Masterworks Series: Sunflowers



Sunflower Celebration in Blank Verse*

She walks along the dampened garden path
To gather flowers for the entrance room.
The morning sun shines softly on the hill
Where grass still glistens from the heavy dew.

On ordinary days, the garden walk
Would calm her mind like gentle summer winds,
But on this day her thoughts are soaring high
Considering the guest to grace her home.

Her thoughts are set on welcoming her friend
Returning after years of work abroad.
That sweet connection latent in her heart
Now wakens with the thoughts of friendships past.

Shared memories would be the common ground,
Yet even in their separate stories from
The years apart, the glad communion would
Remain to forge new days of caring trust.

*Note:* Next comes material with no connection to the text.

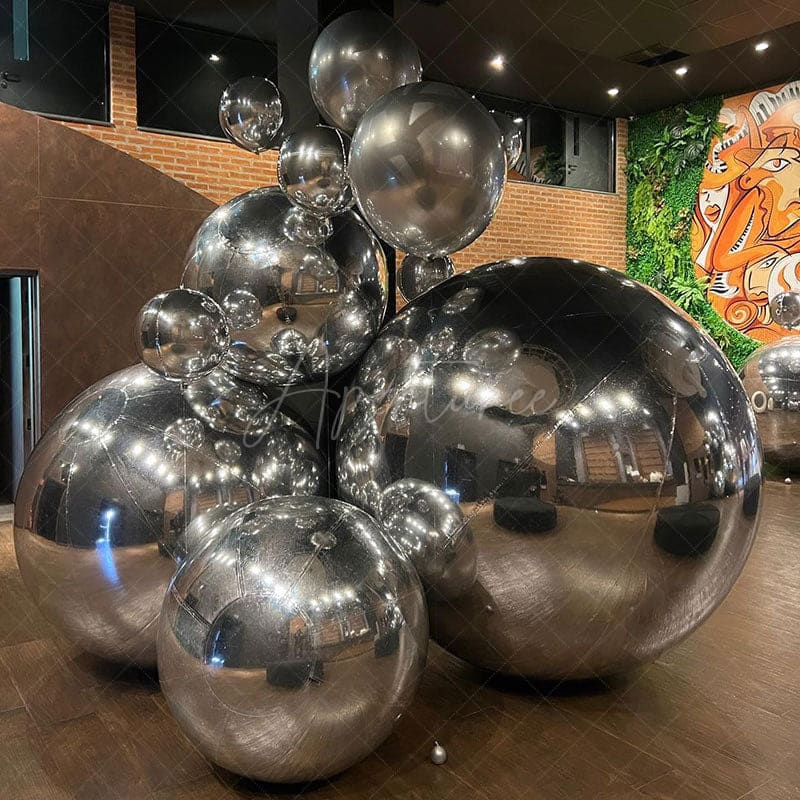 Aperturee - Silver Mirror Inflatable Ball Shiny Party Balloon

So now her eyes behold the yellow blooms
That call out beauty, friendship, life and peace.
She chooses boldly – nothing subtle here –
A lively brightness in a single vase.

                                                                    ~ CK



*Blank verse: "Unrhyming iambic pentameter, also called heroic verse. This 10-syllable line is the predominant rhythm of traditional English dramatic and epic poetry, as it is considered the closest to English speech patterns. Poems such as John Milton’s Paradise Lost, Robert Browning’s dramatic monologues, and Wallace Stevens’s “Sunday Morning,” are written predominantly in blank verse." (Definition from The Poetry Foundation)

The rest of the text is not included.